Although as pointed out in the separate opinion of Justice Brock, the injury in Shores v. Shores, supra, resulted only in permanent partial rather than total permanent disability, nevertheless the Court gave an authoritative interpretation to a 1963 amendment to the worker’s compensation statute, T.C.A. § 50-1007(c). In Chapman v. Clement Bros. Inc., 222 Tenn. 223, 435 S.W.2d 117 (1968), the matter was re-examined and the Court was asked to overrule the Shores case, and to hold that even though an injury was to a scheduled member, benefits need not be confined to the schedule. This the Court expressly declined to do. The Court alluded to the matter again in Continental Ins. Companies v. Pruitt, 541 S.W.2d 594, 597 (1976), and again examined it in some detail in the case of Genesco v. Creamer, 584 S.W.2d 191 (Tenn.1979).

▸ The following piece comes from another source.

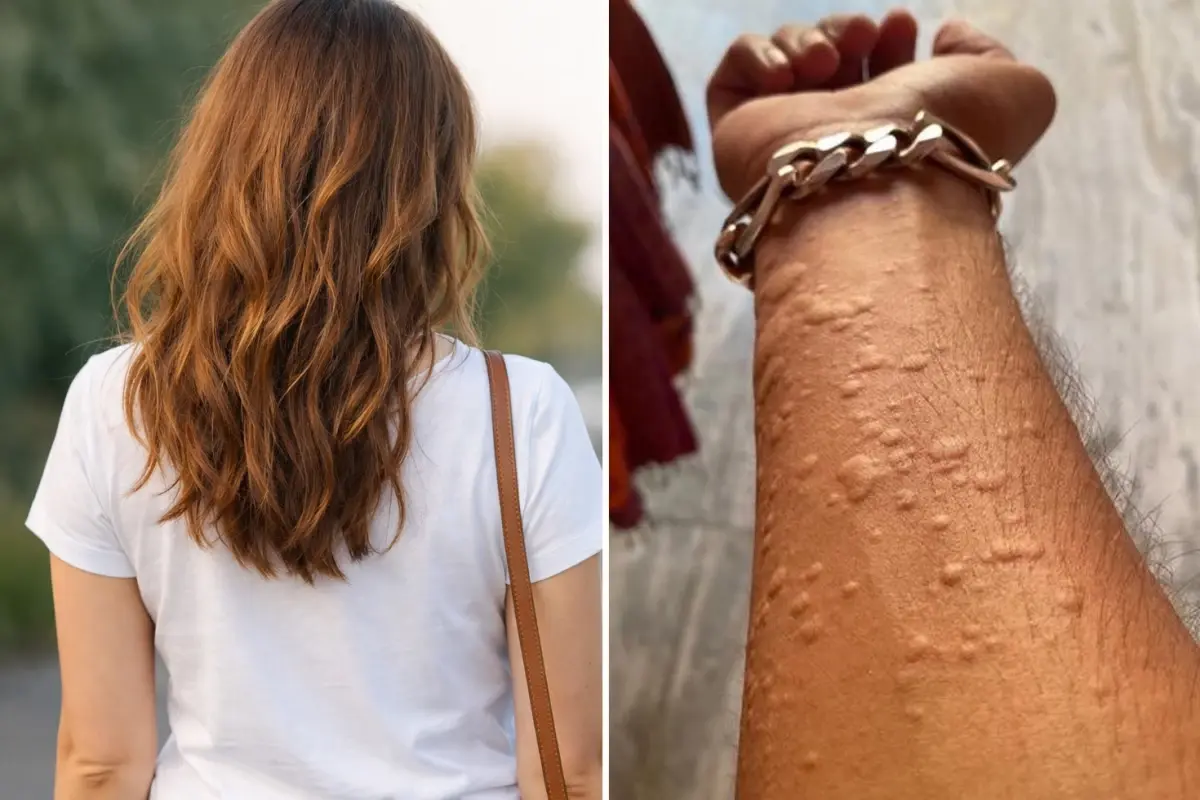 Kadın, Erkek Arkadaşını Ziyaret Ettikten Sonra Cildinde Beliren Kızarıklıklar İçin Yardım İstedi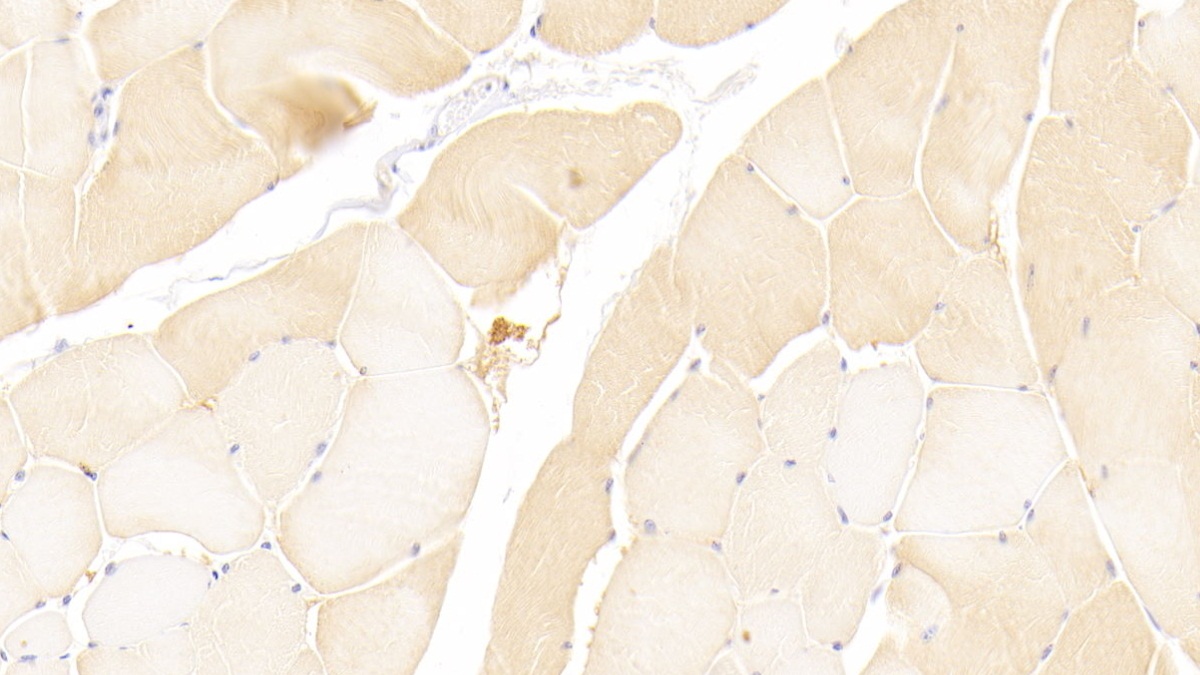 Polyclonal Antibody to Matrix Metalloproteinase 1 (MMP1)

In the latter case the Court held that where injuries were confined to a scheduled member, only scheduled benefits could be awarded, even though there was a claim of total permanent disability rather than merely partial disability.

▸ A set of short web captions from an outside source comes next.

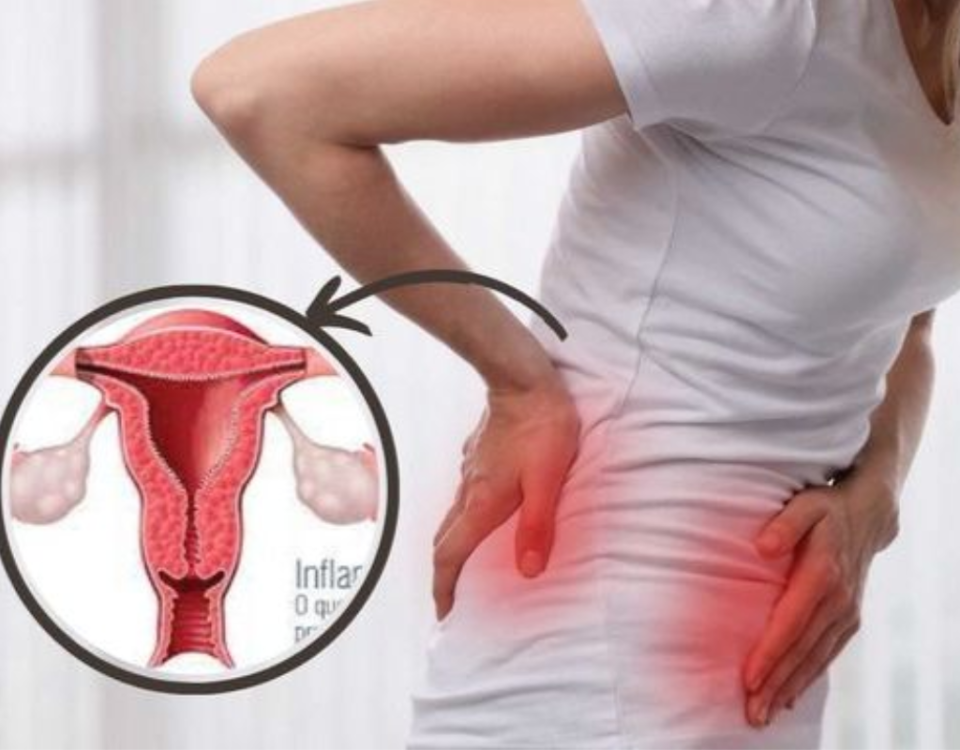 uterine fibroids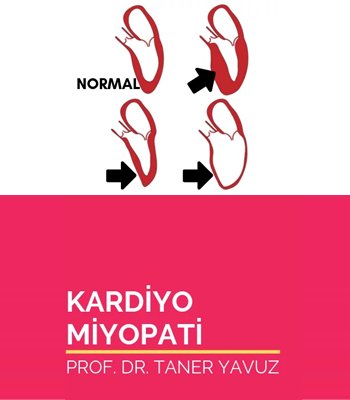 Kardiyomiyopati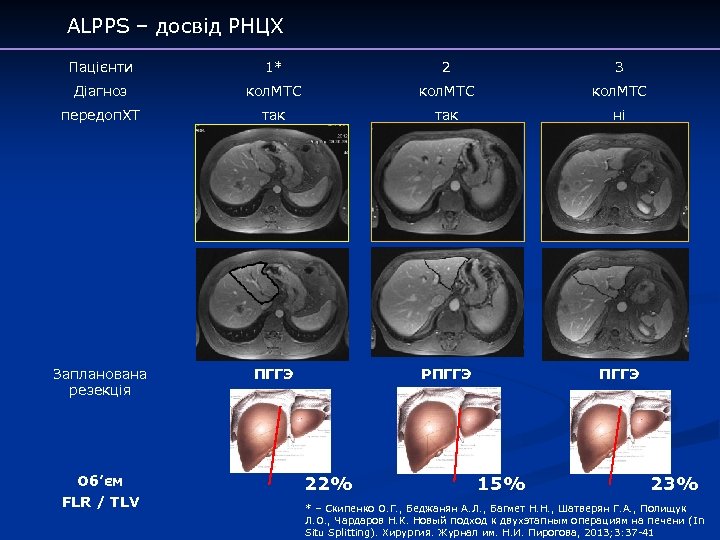 ALPPS – досвід РНЦХ Пацієнти 1* 2 3 Діагноз кол. МТС передоп. ХТ так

Therefore, the majority are of the opinion that the interpretation of the statute made in the Shores case and followed in subsequent cases should not now be altered unless the General Assembly sees fit to make such a change. As stated by the Court in Hamby v. McDaniel, 559 S.W.2d 774, 776 (Tenn.1977):

“The legislature is presumed to know the interpretation which courts make of its enactments; the fact that the legislature has not expressed disapproval of a judicial construction of a statute is persuasive evidence of legislative adoption of the judicial construction, especially where the law is amended in other particulars, or where the statute is re-enacted without change in the part construed.”

The construction given to the worker’s compensation schedules by this Court is consistent with that given to an important federal statute in the recent case of Potomac Electric Power Co. v. Director, Office of Worker’s Compensation Programs, — U.S. —, 101 S.Ct. 509, 66 L.Ed.2d 446 (1980) (injuries specifically scheduled in Longshoremen’s and Harbor Workers’ Compensation Act must be compensated in accordance with schedules and not pursuant to more general provisions of statutes).

Since we are of the opinion that appel-lee’s initial fracture and the subsequent surgery resulted in injuries extending beyond a scheduled member, we are of the opinion that there is material evidence to support the award of the trial court of disability to the body as a whole.

The judgment of the trial court is affirmed at the cost of appellants. The cause is remanded to that court for enforcement of the judgment and for any further orders which may be necessary.

FONES and COOPER, JJ., concur. BROCK and DROWOTA, JJ., file separate concurring opinion.